Rllib custom env

Hi, i’m wondering if there is any way to add a custom wrapper around the procgen/gym env. I know there is already a wrapper being used but we are not able to access that in submissions. Specifically I want to be able to process the observations before they are sent to model in ‘input_dict’

2 Likes

Hello @bob_wei

You can use a custom preprocessor for this.

1 Like

Hi @jyotish thanks for the reply. I don’t think I was specific enough, but do you know of a better way to access multiple frames across time? (e.g. for stacking frames). I have tried using an rnn state based approach to do this but inference performance and memory usage is not terrible.

1 Like

Is it possible to use my own wrapper during training, but default environment during evaluation?
It would be great!

Hello @bob_wei @Mckiev

We added support for using wrappers. Please give it a try. https://github.com/AIcrowd/neurips2020-procgen-starter-kit/tree/master/envs

2 Likes

Thanks @jyotish for the help! In this case, I guess the evaluation wrapper will still be the default one however?

Hello @bob_wei

Yes, the base env should be the ProcgenEnvWrapper provided in the starter kit. You can use any gym wrapper on top of this. If you use the env from gym.make instead of ProcgenEnvWrapper, the rollouts will fail.

Just to confirm, I understood correctly, since you provided the FrameStack wrapper as an example: in case the default ProcgenEnvWrapper would be used at evaluation, the evaluation must fail because of the changed observation shape, correct?

Hello @Mckiev

I’m not sure if I understood that right. We will use the same env for training and rollouts. The requirements from our side are

  • The base env you use should be the env returned by ProcgenEnvWrapper rather than the one you get from gym.make.
  • The wrapper that you use should extend gym.Wrapper class (in case you are writing one on your own).

Right way to use custom wrappers:

registry.register_env(
    "my_custom_env",
    lambda config: MyWrapper(ProcgenEnvWrapper(config))
)

Wrong way to use custom wrappers:

registry.register_env(
    "my_custom_env",
    lambda config: MyWrapper(gym.make("procgen:procgen-coinrun-v0", **config))
)

During the evaluation (both training and rollouts), we will use the env with your custom wrapper (if any).

If you have a more complex use case (like you need to pass some custom env variables but they should not be passed to the base env),

def create_my_custom_env(config):
    my_var = config.pop("my_var")
    env = ProcgenEnvWrapper(config)
    env = MyWrapper(env, my_var)
    return env

registry.register_env(
    "my_custom_env", create_my_custom_env
)

I hope this covers what you wanted to know.

1 Like

Oh, okay, now it’s clear!

Instead I thought you answered “yes” to the following question :

Why training with one wrapper and evaluating with another may be useful, is when for example I want to add random noize to observations during training, but then don’t apply noize during evaluation.

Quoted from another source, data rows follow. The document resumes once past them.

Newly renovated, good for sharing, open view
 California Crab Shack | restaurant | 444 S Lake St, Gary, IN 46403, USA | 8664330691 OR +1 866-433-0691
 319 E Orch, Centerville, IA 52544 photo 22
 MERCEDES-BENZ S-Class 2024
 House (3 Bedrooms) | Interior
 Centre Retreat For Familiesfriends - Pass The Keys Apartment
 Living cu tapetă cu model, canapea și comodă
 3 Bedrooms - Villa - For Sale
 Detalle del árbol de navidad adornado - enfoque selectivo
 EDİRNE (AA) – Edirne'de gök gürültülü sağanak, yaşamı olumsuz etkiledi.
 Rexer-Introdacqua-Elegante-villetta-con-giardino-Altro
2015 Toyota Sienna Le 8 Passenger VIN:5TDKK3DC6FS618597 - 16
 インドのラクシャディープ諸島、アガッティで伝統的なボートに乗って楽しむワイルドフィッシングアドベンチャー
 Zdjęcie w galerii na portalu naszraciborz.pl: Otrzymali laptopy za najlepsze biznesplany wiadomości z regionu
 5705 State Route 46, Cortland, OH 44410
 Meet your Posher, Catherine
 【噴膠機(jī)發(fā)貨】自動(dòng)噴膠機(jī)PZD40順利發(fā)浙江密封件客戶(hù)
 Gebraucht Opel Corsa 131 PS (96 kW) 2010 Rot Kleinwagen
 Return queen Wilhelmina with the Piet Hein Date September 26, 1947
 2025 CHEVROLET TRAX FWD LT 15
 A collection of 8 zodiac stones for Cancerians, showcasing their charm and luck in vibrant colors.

I don’t think current config that is passed to env constructor specifies whether it’s a training or evaluation environment, correct?

Has anyone found out a way to do what Anton asked? Is it possible for the evaluators to add a field in the “env_config:” part of the yaml configuration that says is_training: true or false? I remember trying some trickery in the warm up round by modifying run.sh but I don’t think it worked and I gave up on that idea.

If we use frameskip, does the framework count the number of frames in the right way?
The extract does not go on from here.